Only one major airline, perennial moneymaker Southwest Airlines Co., will report a profit for the three months ended March 31 because the discount airline’s operating costs remain among the lowest in the business, predicted analyst Brian Harris of Salomon Smith Barney. United parent UAL Corp. and Delta Air Lines Inc. are expected to post some of the industry’s biggest losses.

The airlines’ results should slowly improve as the year goes on, assuming the economy continues its recovery and there isn’t another major event that jolts the system. Continental, Southwest, Alaska Airlines and AirTran are expected to be back in the black when the current quarter ends, Harris said.

But in a conference call Monday, Continental Chairman Gordon Bethune said he doesn’t “have a lot of hope” the airline will make money in the second quarter because of rising fuel costs and low fares. And “in general, we expect airline management to guide second-quarter estimates downward,” said James Higgins, an analyst at Credit Suisse First Boston.

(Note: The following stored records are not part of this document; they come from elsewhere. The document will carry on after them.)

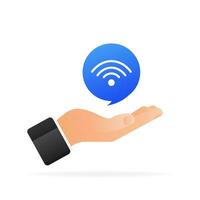 Wifi free. Internet network. 3d vector icon. Isometric vector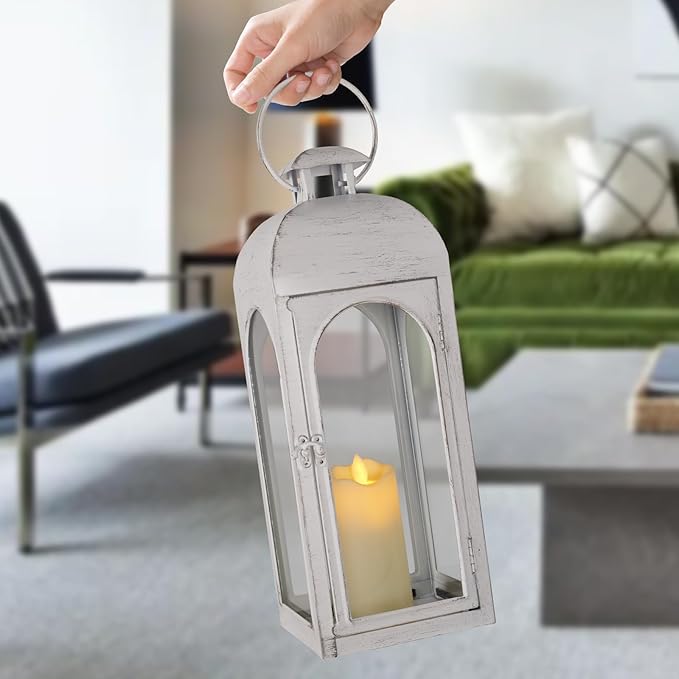 Decorative Candle Lantern 16Inches Outdoor Metal Lantern Hanging Candle Lantern for Indoor Outdoor Home Decor Patio Christmas Decorations, Greyish White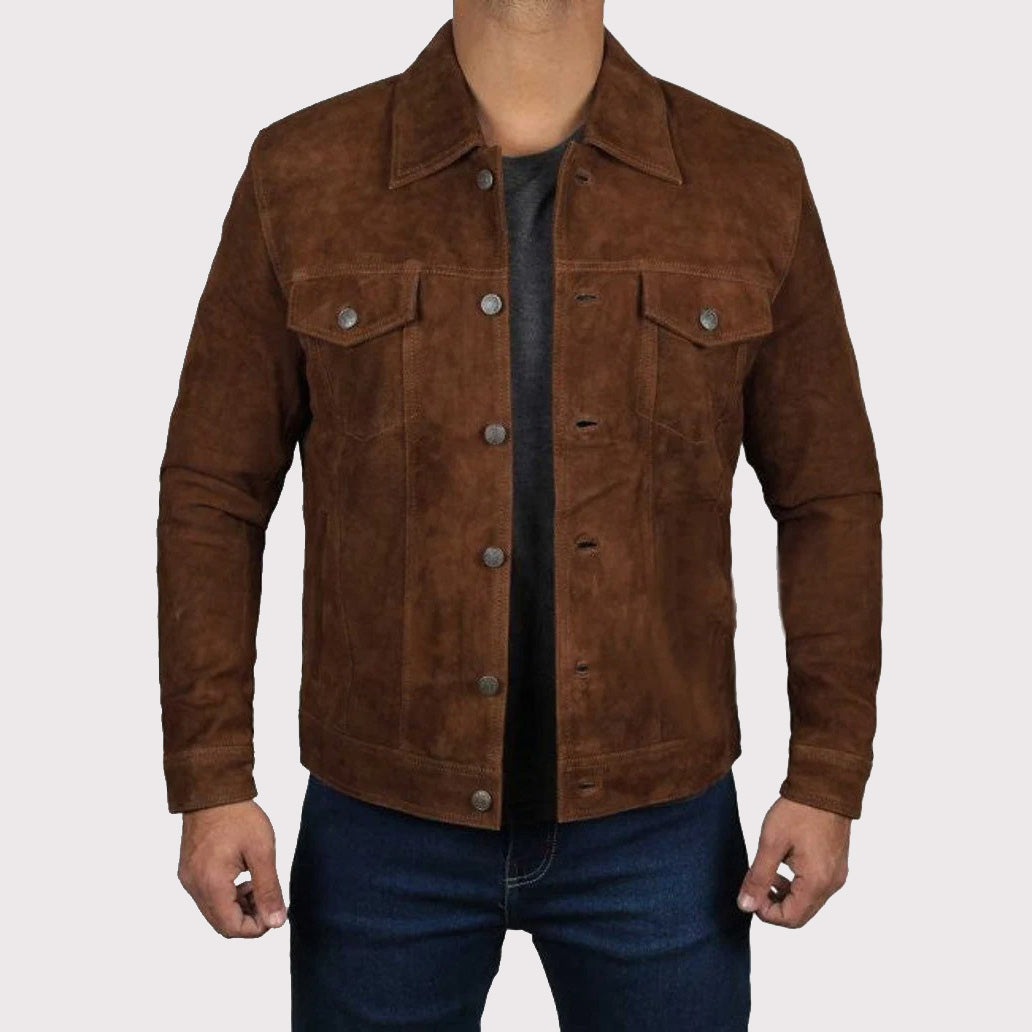 Premium Herrenjacke aus Wildleder „Logan“ in Braun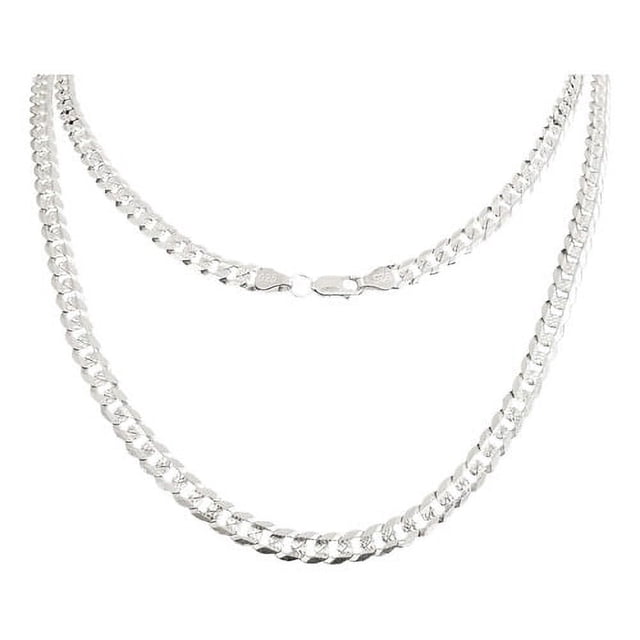 JOYARIS Cadena Cubana Gruesa Diamantada Plata 925 Hombre 65cm X 6mm DM-0001251
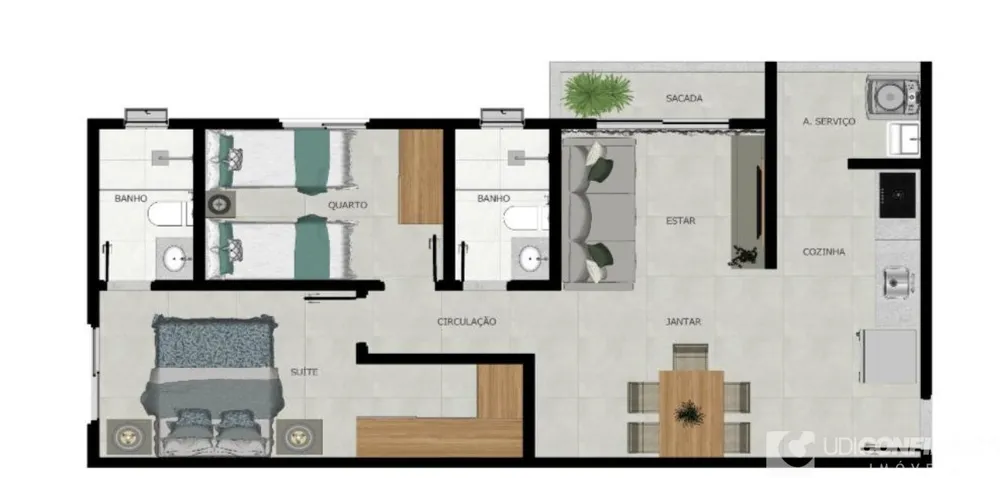 Apartamento, 2 quartos, 66 m² - Foto 3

In the first quarter, Continental had its first profitable month--March--since Sept. 11, but it still ended with a loss of $166 million, or $2.61 per diluted share, which included an $83-million pre-tax charge related to the retirement of its DC-10 fleet.

Excluding the charge, Houston-based Continental lost $114 million, or $1.79 a share, which was considerably better than the $1.97 a share it was forecast to lose by analysts surveyed by Thomson Financial/First Call. A year earlier, the nation’s fifth-largest airline earned $9 million, or 16 cents a share.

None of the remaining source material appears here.